Hay alguien especial para cada uno de nosotros.
A menudo, nos están destinados dos, tres y hasta cuatro seres.
Pertenecen a distintas generaciones y viajan a través de los mares, del tiempo y de las inmensidades celestiales para encontrarse de nuevo con nosotros.
Proceden del otro lado, del cielo.
Su aspecto es diferente, pero nuestro corazón los reconoce, porque los ha amado en los desiertos de Egipto, iluminados por la luna y en las antiguas llanuras de Mongolia.
Con ellos hemos cabalgado en remotos ejércitos de guerreros y convivido en las cuevas cubiertas de arena de la Antigüedad.
Estamos unidos a ellos por los vínculos de la eternidad y nunca nos abandonarán.
Es posible que nuestra mente diga: “Yo no te conozco”.
Pero el corazón sí le conoce.
Él o ella nos agarran de la mano por primera vez y el recuerdo de ese contacto trasciende el tiempo y sacude cada uno de los átomos de nuestro ser.
Nos miran a los ojos y vemos a un alma gemela a través de los siglos.
El corazón nos da un vuelco.
Se nos pone la piel de gallina.
En ese momento todo lo demás pierde importancia.
Puede que no nos reconozcan a pesar de que finalmente nos hayamos encontrado otra vez, aunque nosotros sí sepamos quiénes son.
Sentimos el vínculo que nos une.
También intuimos las posibilidades, el futuro.
En cambio, él o ella no lo ve.
Sus temores, su intelecto y sus problemas forman un velo que cubre los ojos de su corazón, y no nos permite que se lo retiremos.

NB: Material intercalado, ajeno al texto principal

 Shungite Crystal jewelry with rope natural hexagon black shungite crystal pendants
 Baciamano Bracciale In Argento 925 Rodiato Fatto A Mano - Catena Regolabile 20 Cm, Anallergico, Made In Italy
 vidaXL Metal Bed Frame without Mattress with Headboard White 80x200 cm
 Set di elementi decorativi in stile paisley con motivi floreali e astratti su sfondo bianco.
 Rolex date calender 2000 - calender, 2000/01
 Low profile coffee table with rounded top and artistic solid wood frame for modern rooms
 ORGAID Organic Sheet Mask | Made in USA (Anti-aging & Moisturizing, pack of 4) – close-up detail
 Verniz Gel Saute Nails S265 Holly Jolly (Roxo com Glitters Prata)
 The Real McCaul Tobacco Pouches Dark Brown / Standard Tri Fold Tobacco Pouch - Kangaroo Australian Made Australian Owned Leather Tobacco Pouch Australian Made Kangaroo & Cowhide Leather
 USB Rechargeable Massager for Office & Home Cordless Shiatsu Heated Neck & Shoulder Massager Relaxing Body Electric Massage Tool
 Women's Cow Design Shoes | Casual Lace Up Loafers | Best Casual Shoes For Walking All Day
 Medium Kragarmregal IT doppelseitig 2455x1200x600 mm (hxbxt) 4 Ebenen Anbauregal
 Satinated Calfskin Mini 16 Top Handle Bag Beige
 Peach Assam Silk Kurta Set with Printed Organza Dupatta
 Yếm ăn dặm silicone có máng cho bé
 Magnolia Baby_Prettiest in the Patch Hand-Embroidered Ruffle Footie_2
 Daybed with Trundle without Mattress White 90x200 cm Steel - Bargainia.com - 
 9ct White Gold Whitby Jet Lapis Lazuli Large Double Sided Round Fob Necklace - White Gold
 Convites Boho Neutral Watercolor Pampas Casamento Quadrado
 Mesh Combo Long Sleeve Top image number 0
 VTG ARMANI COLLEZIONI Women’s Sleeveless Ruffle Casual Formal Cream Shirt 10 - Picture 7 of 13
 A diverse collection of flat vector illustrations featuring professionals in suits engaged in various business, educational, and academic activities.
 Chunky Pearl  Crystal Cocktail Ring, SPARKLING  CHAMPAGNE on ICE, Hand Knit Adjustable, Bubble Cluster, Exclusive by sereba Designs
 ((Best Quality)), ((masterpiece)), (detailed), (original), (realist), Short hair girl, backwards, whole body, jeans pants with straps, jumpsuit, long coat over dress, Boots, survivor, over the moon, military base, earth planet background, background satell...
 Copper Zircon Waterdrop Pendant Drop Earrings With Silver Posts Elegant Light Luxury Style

Sufrimos y nos lamentamos mientras el individuo en cuestión sigue su camino.
Tal es la fragilidad del destino.
La pasión que surge del mutuo reconocimiento supera la intensidad de cualquier erupción volcánica, y se libera una tremenda energía.
Podemos reconocer a nuestra alma gemela de un modo inmediato.
Nos invade de repente un sentimiento de familiaridad, sentimos que ya conocemos profundamente a esta persona, a un nivel que rebasa los límites de la conciencia,
con una profundidad que normalmente está reservada para los miembros más íntimos de la familia.
O incluso más profundamente.
De una forma intuitiva, sabemos qué decir y cuál será su reacción.
Sentimos una seguridad y una confianza enormes, que no se adquieren en días, semanas o meses.
Pero el reconocimiento se da casi siempre de un modo lento y sutil.
La conciencia se ilumina a medida que el velo se va descorriendo.
No todo el mundo está preparado para percatarse al instante.
Hay que esperar el momento adecuado, y la persona que se da cuenta primero
tiene que ser paciente.
Gracias a una mirada, un sueño, un recuerdo o un sentimiento podemos llegar a reconocer a un alma gemela.
Sus manos nos rozan o sus labios nos besan, y nuestra alma recobra vida súbitamente.
El contacto que nos despierta tal vez sea el de un hijo, hermano, pariente o amigo íntimo.
O puede tratarse de nuestro ser amado que, a través de los siglos; llega a nosotros y nos besa de nuevo para recordarnos que permaneceremos siempre juntos, hasta la eternidad.